___ DATA FOR PROCESSING
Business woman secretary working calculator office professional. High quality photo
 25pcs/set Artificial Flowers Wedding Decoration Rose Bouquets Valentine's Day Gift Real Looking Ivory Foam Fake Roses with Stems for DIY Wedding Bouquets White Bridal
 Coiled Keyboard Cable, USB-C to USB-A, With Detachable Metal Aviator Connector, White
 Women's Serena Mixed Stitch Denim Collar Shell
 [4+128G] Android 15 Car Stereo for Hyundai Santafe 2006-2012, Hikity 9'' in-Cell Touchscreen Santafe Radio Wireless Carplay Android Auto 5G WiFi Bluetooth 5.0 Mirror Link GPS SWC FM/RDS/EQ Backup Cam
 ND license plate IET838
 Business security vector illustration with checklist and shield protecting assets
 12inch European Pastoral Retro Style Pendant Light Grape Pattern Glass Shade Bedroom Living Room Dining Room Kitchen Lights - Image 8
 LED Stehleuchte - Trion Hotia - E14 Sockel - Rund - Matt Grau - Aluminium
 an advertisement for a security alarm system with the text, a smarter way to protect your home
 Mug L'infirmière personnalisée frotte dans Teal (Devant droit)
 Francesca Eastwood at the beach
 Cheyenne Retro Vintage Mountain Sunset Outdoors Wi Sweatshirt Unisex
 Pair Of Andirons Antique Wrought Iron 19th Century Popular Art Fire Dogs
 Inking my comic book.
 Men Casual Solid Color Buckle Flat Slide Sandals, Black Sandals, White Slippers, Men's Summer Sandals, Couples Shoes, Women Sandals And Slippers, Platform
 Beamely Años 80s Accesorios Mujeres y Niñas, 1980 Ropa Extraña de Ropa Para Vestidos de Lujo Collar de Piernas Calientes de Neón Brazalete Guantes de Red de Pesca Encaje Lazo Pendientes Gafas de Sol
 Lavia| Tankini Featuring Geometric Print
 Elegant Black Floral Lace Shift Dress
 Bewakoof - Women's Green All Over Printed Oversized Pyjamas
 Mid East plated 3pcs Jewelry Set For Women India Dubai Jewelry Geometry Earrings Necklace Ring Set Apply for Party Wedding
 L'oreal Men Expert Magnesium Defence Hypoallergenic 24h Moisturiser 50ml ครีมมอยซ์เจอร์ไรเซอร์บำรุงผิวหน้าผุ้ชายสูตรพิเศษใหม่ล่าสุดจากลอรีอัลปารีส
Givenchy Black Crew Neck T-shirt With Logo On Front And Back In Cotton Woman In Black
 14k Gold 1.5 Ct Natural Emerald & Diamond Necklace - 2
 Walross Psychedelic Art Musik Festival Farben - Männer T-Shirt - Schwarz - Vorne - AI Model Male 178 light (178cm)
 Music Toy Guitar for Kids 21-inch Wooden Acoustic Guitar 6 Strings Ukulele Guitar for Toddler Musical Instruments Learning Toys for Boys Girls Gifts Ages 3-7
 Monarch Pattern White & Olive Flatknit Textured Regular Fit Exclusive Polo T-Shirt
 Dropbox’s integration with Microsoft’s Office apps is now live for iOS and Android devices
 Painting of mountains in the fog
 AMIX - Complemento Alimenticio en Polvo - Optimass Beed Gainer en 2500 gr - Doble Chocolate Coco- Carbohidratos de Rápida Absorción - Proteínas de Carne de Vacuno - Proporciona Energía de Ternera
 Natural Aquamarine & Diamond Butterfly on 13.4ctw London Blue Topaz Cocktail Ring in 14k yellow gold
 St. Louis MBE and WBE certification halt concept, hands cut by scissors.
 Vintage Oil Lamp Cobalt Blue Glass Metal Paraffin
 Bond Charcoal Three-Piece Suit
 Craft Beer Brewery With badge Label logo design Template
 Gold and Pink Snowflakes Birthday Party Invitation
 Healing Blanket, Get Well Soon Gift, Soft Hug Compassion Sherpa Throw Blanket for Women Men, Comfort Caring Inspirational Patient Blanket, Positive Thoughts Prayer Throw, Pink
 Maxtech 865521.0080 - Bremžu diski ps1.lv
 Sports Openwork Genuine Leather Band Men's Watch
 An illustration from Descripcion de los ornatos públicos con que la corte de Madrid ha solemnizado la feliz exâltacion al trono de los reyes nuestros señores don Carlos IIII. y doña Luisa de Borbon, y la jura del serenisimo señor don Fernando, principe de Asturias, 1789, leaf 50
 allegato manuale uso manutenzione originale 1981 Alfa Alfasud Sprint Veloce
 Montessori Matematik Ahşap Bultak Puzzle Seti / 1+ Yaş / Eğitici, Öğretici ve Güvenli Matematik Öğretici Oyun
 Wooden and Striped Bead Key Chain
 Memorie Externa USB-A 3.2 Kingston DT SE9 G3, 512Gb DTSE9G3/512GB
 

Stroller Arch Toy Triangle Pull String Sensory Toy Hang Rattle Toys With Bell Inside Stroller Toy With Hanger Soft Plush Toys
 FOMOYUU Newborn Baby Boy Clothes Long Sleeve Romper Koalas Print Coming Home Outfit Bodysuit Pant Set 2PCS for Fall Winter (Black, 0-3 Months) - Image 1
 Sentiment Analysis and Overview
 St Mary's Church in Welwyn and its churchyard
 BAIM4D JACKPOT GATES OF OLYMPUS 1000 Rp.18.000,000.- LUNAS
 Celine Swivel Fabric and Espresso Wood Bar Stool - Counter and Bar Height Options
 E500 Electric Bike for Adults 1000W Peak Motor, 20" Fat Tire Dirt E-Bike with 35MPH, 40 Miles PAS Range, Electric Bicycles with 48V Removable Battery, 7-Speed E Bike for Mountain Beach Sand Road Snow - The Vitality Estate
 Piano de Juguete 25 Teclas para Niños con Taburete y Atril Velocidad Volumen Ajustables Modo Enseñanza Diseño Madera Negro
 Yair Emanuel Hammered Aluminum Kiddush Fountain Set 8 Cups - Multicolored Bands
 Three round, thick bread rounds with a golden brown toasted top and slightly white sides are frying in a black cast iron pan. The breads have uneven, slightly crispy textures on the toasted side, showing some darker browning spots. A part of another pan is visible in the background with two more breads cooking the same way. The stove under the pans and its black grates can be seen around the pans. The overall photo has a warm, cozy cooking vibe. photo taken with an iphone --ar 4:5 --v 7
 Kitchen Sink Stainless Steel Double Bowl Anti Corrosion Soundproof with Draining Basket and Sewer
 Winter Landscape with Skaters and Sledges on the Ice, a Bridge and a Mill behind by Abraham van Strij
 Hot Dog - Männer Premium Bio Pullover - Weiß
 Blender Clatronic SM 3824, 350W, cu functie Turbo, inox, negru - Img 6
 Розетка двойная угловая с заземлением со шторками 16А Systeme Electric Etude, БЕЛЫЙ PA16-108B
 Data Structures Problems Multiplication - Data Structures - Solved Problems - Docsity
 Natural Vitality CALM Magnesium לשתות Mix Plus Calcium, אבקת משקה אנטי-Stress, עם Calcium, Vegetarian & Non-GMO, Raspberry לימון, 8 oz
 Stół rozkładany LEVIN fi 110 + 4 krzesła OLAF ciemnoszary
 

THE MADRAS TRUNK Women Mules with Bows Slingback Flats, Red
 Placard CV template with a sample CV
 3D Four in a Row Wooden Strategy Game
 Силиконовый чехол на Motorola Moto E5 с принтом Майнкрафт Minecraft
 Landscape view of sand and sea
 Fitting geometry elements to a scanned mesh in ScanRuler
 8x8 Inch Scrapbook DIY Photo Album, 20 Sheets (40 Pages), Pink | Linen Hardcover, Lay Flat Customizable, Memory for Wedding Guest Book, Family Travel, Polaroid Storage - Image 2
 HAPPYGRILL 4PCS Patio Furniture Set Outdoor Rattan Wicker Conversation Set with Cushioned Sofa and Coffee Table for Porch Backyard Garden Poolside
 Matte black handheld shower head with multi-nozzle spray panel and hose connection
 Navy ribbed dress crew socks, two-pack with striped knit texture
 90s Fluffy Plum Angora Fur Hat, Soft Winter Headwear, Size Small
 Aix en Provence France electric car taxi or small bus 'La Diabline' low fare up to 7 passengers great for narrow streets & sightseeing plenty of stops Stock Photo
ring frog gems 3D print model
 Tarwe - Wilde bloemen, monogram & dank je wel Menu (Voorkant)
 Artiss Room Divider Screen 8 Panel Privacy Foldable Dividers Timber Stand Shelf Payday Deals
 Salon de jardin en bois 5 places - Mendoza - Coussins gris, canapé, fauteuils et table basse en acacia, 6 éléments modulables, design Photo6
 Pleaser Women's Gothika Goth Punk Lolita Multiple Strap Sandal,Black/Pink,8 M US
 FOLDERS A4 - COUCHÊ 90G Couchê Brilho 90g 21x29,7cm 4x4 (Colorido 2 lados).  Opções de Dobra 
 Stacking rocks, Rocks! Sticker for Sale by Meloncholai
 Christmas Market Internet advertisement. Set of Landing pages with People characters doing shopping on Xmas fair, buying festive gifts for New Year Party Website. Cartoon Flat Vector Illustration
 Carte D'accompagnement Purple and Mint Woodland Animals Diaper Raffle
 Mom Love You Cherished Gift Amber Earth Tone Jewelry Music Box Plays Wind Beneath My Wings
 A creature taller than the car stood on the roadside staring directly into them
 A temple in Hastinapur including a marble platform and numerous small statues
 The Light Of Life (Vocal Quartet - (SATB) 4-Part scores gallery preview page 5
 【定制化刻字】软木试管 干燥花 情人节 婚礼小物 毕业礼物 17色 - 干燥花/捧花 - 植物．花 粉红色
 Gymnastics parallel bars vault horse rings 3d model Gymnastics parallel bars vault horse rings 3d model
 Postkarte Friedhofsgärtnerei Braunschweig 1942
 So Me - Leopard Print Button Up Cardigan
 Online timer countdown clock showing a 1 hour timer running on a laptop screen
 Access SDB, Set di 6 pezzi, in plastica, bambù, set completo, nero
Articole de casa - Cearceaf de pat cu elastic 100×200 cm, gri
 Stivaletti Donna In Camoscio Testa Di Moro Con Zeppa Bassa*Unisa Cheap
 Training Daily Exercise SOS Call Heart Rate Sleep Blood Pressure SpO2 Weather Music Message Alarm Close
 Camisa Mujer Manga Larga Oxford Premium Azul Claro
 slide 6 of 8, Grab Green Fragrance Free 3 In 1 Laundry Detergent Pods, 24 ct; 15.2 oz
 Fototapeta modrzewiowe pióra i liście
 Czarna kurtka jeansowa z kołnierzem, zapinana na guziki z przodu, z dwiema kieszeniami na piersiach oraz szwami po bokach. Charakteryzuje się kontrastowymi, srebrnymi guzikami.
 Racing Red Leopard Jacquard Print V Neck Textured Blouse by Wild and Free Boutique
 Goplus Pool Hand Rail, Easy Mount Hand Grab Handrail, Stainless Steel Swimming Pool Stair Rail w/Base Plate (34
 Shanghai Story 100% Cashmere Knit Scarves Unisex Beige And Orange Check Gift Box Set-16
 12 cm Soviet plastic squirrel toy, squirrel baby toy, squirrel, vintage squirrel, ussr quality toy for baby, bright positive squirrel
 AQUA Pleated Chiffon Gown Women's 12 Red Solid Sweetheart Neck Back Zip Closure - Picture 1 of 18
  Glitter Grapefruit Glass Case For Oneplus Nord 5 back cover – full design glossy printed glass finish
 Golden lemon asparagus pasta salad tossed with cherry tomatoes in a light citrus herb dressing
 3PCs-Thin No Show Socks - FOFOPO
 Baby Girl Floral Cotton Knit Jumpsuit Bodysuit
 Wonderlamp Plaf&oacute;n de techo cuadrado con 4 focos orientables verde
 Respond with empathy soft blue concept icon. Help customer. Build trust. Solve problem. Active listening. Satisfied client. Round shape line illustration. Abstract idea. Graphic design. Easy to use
______
## THE TASK
Which lines should be output? Exactly those from the first line of the data through the line containing "Men Casual Solid", inclusive.

## SOLUTION TO THE PROBLEM
Business woman secretary working calculator office professional. High quality photo
 25pcs/set Artificial Flowers Wedding Decoration Rose Bouquets Valentine's Day Gift Real Looking Ivory Foam Fake Roses with Stems for DIY Wedding Bouquets White Bridal
 Coiled Keyboard Cable, USB-C to USB-A, With Detachable Metal Aviator Connector, White
 Women's Serena Mixed Stitch Denim Collar Shell
 [4+128G] Android 15 Car Stereo for Hyundai Santafe 2006-2012, Hikity 9'' in-Cell Touchscreen Santafe Radio Wireless Carplay Android Auto 5G WiFi Bluetooth 5.0 Mirror Link GPS SWC FM/RDS/EQ Backup Cam
 ND license plate IET838
 Business security vector illustration with checklist and shield protecting assets
 12inch European Pastoral Retro Style Pendant Light Grape Pattern Glass Shade Bedroom Living Room Dining Room Kitchen Lights - Image 8
 LED Stehleuchte - Trion Hotia - E14 Sockel - Rund - Matt Grau - Aluminium
 an advertisement for a security alarm system with the text, a smarter way to protect your home
 Mug L'infirmière personnalisée frotte dans Teal (Devant droit)
 Francesca Eastwood at the beach
 Cheyenne Retro Vintage Mountain Sunset Outdoors Wi Sweatshirt Unisex
 Pair Of Andirons Antique Wrought Iron 19th Century Popular Art Fire Dogs
 Inking my comic book.
 Men Casual Solid Color Buckle Flat Slide Sandals, Black Sandals, White Slippers, Men's Summer Sandals, Couples Shoes, Women Sandals And Slippers, Platform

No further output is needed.